# Arrays and Data Structures

Contributed by Mike Stock.  The slides (here) are your best resource for this week’s topic.  Several images and content within came from the High Performance Python for Climate Science Short Course at the 2013 AMS Annual Meeting.  Short summary snippets are below.  For this week’s discussion, we will make use of NumExprhttp://code.google.com/p/numexpr/ ).

NDArray Data Structures

Even though the python ‘view’ of numpy ndarrays may be multi-dimensional, they are stored linearly in memory.  Computations are fastest between memory-continuous cells.  Test this by timing operations on different axes in ipython with %timeit:


import numpy as np

ary = np.random.random([1000,1000,1000])

%timeit ary[1,1,:]**2
%timeit ary[1,:,1]**2 #Slower
%timeit ary[:,1,1]**2 #Slowest



You will note that the first example is the fastest.

Numbers

Python native numbers are not equivalent to numpy numbers. To see this, try looking at the output ipython gives for a=10**100 vs. a=ary[0]**100

When you operate on an ndarray with a python number, a conversion will take place.  For some applications, you may want to consider specifying the dtype.

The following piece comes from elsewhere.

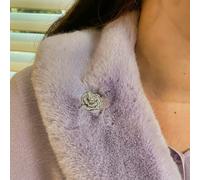 QueenMee Accessories Silver Brooch Small Brooch Diamante Rose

Numpy scalars are very slow!  Try with ipython:


a = .375
%timeit a**2+a      #OK

a = np.float64(a)
%timeit a**2+a      #Slower

#It's still faster even if you convert and then compute
%timeit float(a)**2+float(a)



Lists vs. Arrays

For array-type computations, arrays become faster than lists once there are more than about 20 elements.

Masks

Masks are incredibly convenient constructs that are used to filter out certain elements in an array.  Try:


ary = np.arange(10)
mask = (ary>3)&(ary<6)
mask
#Out: array([False, False, False, False,True, True, False, False, False, False],dtype=bool)



To learn more, check out the insightful official documentation on related masked arrays:

http://docs.scipy.org/doc/numpy/reference/maskedarray.html

The image below shows one example of things that are easy-peasy with arrays.  An image was masked such that only points where the signal to noise ratio is greater than three remain.  You may sacrifice speed by using masks rather than copying array values directly in an example such as this, but masks make coding quite convenient for the user.

Numexpr

NumExpr speeds up array computations by doing them in blocks, to maximize memory efficiency.  It also automatically parallelizes the operation, to utilize all the cores on the computer.  However, there is a large amount of overhead, and only some arithmetic operations are supported.

Arrays Summary

Which is best to use for different array lengths?

• N<10: Lists and ‘for’ loops
• N>10: numpy arrays and numpy computations
• N>104: numpy arrays and numexpr computations

Memory Maps

For big data, it is often useful to save a memory object to the hard disk.  This is called memory mapping.  Specifically, it’s faster to memory map if you’re trying to access a small piece of a large data set, since you don’t need to load the entire data set into memory.  For reference, see http://docs.scipy.org/doc/numpy/reference/generated/numpy.memmap.html

HDF5 files are also slick, but we won’t cover them here.